Hepimiz anlattık Şamil Ekinci’yi. Ama onunla bizden önce çok yakın çalışan ve tüm gazete yetkisini verdiği isim Karadeniz Gazetesi sorumlu yazı işleri müdürü Musa Alioğlu’ndan da dinleyelim. Alioğlu bu yazıyı Cevat Ocak’ın hazırladığı Şamil Ekinci kitabına yazdı:

‘Ya gurbete gideriz ya da gurbet gelir bizi bulur. Hayatının ilk 20 yılı gurbette geçen biri olarak gurbet kavramı bende çok güçlüdür.
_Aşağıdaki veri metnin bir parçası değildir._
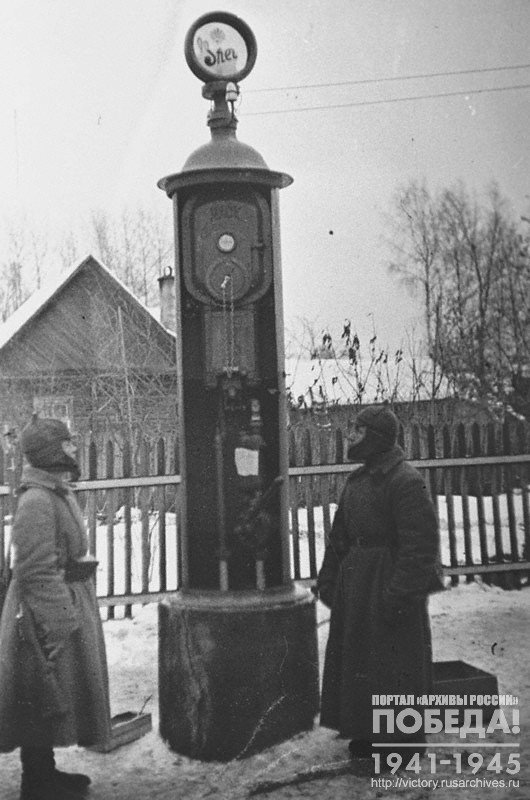 Red Army soldiers guard a gasoline pump in the town of Raivola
Ne gariptir ki, gurbetten sılaya dönüp baba dede topraklarında çok kalamadık ve yine gurbetteyiz. 
 
Gurbette gelen biri olarak yolum gurbete gelen biriyle kesişmişti.
 
İlk gazetecilik deneyimimi, o zamanlar bize yasak bölge olan üst katında Ülkü Ocakları'nın olduğu Velioğlu Pasajı'ndaki İleri Gazetesi'nde yaşadım. Sonra Karadeniz Gazetesi'ne gözlemci muhabir olarak sınavla alındık dersem uyar. Biz Gazipaşa"daki binaya adım attığımızda yönetim ağırlıklı olarak Hürriyetçi'lerdeydi. Büyük patron Nezih Demirkent bir kez geldi Trabzon'a. Diğer ortaklardan M.Şamil Ekinci ve Utku Bozoğlu"nu ara sıra görüyordum. Ben gözlemcilikten normal muhabirliğe geçtiğime Hürriyetçiler çoktan gitmişti. Haliyle yerli ortak diye tabir edilen Ekinci ve Bozoğlu gazete binasına daha sık gelir olmuşlardı.
 
Aradan aylar yıllar geçti. Ben daha yeni Istihbarat müdürü olmuştum ki, genel yayından sorumlu olan ama ünvanı Sorumlu Yazı İşleri Müdürü olan Mustafa Noyan görevden pat diye ayrıldı. O olmadığı zamanlara işi ben götürüyordum. Bir kaç gün sonra Şamil Bey beni odasına çağırarak Sorumlu Yazı İşleri Müdürü olarak arandığımı deklere etti. Dizlerimin titrediğini hatırlıyorum. Gurbetten memleketine gelen biri olarak gurbetten gelip Trabzon'u memleket belleyen Keskinli Mustafa Şamil Ekinci ile yollarımız böyle  kesişti.
 
Yakın zamanda kaybettiğimiz değerli ağabeyim Hasan Noyan(Mustafa Noyan'ın babası) bu gurbete gelişi şöyle anlatmıştı bana "Şamil Bey askerden gelince, babası bana gidin un fabrikası kurabileceğimiz bir yer bakın dedi. Beraber yola çıktık. Merzifon, Samsun ve Ordu derken Trabzon'a kadar geldik ve burayı beğenip fabrikayı buraya kurmaya karar verdik."
 
Kader genç Şamil Ekinci'yi bilmediği hiç tanımadığı Trabzon'a böyle atmış.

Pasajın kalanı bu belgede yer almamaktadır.